Personal information
- Full name: Nzubechi Sixtus Ogbuehi Ogbuehi
- Date of birth: 15 March 2003 (age 23)
- Place of birth: Owerri, Nigeria
- Height: 1.92 m (6 ft 4 in)
- Position: Forward

Team information
- Current team: Kortrijk
- Number: 90

Senior career*
- Years: Team / Apps / (Gls)
- 2021–2022: Campos FC / 16 / (9)
- 2022–2023: Moralo B / 4 / (1)
- 2023: → Montehermoso (loan) / 13 / (2)
- 2023–2024: Moralo / 14 / (8)
- 2024: Ceuta B / 15 / (8)
- 2024–2025: Eldense / 6 / (0)
- 2025: → Osasuna B (loan) / 18 / (4)
- 2025–: Kortrijk / 24 / (1)

= Sixtus Ogbuehi =

Nigerian footballer

Nzubechi Sixtus Ogbuehi Ogbuehi (born 15 March 2003) is a Nigerian footballer who plays as a forward for Belgian club KV Kortrijk.

==Career==
Born in Owerri, Ogbuehi played for hometown side Campos FC in the Nigeria National League during the 2021–22 season, scoring nine goals in 16 appearances. He subsequently moved to Spain, joining Moralo CP and playing for their reserve team in the Primera División Extremeña before joining Tercera Federación side CP Montehermoso on loan on 29 January 2023.
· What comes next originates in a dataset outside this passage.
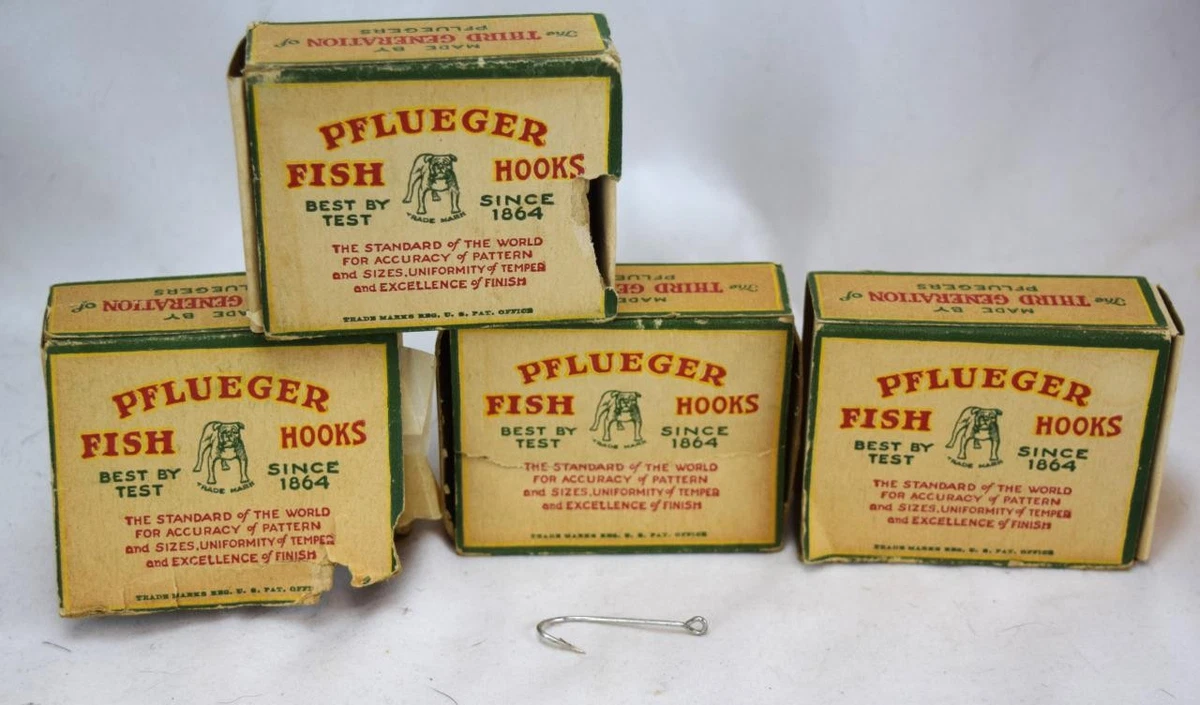 Leurres Vintage Pflueger Carlisle En Bois - Boîte D'origine - Pêche Antique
Ogbuehi returned to Moralo in July 2023, and was promoted to the first team in August after renewing with the club. The following 1 February, after scoring eight goals in just 14 matches, he signed a two-and-a-half-year contract with AD Ceuta FC and was assigned to the reserves also in the fifth division.

On 8 July 2024, after scoring ten goals for Ceuta B, Ogbuehi agreed to a three-year deal with Segunda División side CD Eldense; Ceuta also retained 40% over a future sale. He made his professional debut on 1 September, coming on as a late substitute for Joel Jorquera in a 2–1 home loss to FC Cartagena.

On 14 January 2025, Ogbuehi was loaned to Primera Federación side CA Osasuna B, with a buyout clause. On 25 July, he moved to Challenger Pro League side KV Kortrijk on a three-year contract.